Ведь Мастер нанимал квартиру у арендатора — у кого-то из «немногочисленной группы жуликов, которая каким-то образом уцелела в Москве». И пока этого арендатора или как его — застройщика — не разъяснили, ему за каждый квадратный аршин полагалась плата, причем высокая, отнюдь не по государственным расценкам. Вспомните: если бы не лотерейный выигрыш, нипочем бы Мастеру не посчастливилось поселиться у застройщика. Из девяноста истраченных тысяч львиная доля, конечно же, ушла в уплату за подвал.

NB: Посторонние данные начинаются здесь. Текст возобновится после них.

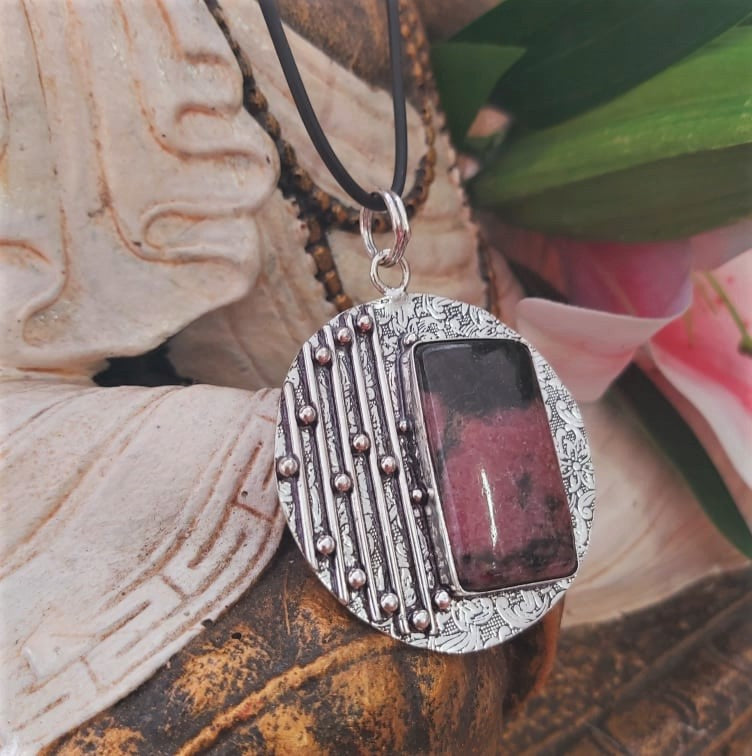 Rhodonite Self Worth Gemstone Pendant (E2104)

Вот теперь и спрашивается: благоразумно ли было бы со стороны Могарыча (до чего надоело мне это скверное имя!) — добывать доносом эту, именно эту квартиру? Никакого повода предполагать, что застройщика заберут вместе с Мастером, а дом конфискуют, явно не было, и действительно — ничего подобного в пределах романа не произошло. Ну а ежели гад надеялся, что НКВД, ценя его заслуги, внесет арендатору квартплату или принудит арендатора предоставить ему комнаты даром, — то, во-первых, это самая настоящая маниловщина (а гад смахивает скорее на Чичикова), во-вторых же — при чем тут злополучный Мастер? В частном-то секторе свободная жилплощадь имелась: Булгаков, к примеру, сменил несколько наемных квартир. Были бы деньги. Да и сам-то Могарыч (тьфу ты, опять попал на язык!) — кто его знает, может, и не соврал Мастеру, будто проживает неподалеку примерно в такой же квартирке. Но если и соврал — все равно, прямой и соразмерной риску выгоды донос ему не обещал. Не тот случай.
Так разлетается на куски версия Азазелло. Кто бы ни сочинил донос на Мастера, — сделано это было не для того, чтобы присвоить его комнаты. Такой мотив просто-напросто не имел смысла. Значит, и Азазелло, приписывая его полуголому в кепке, и сам этот полуголый, раскаиваясь, — оба лгут. Играют.
Впрочем, есть еще одна вероятность. Допустим, деньги у гада были. Но собственное жилье ему обрыдло. И он с первого взгляда влюбился в квартиру Мастера, да так яростно, что решил выжить его любой ценой. Тогда непонятно, при чем статья Латунского. Разве что — такое объяснение: гад уже давно мечтал поселиться в квартире, где прежде, до него, жил человек, лично им загубленный… Но согласитесь, что это уж слишком. Как ни противен Алоизий, а все-таки на утонченного маньяка николько не похож.
Тогда, выходит, не он погубил Мастера. А если все-таки он, то не из личной корысти. И если даже была личная корысть, то совсем иного рода, чем та, что ему с его же согласия вменена.
И ничего больше нам не узнать ни от демона, ни от мерзавца.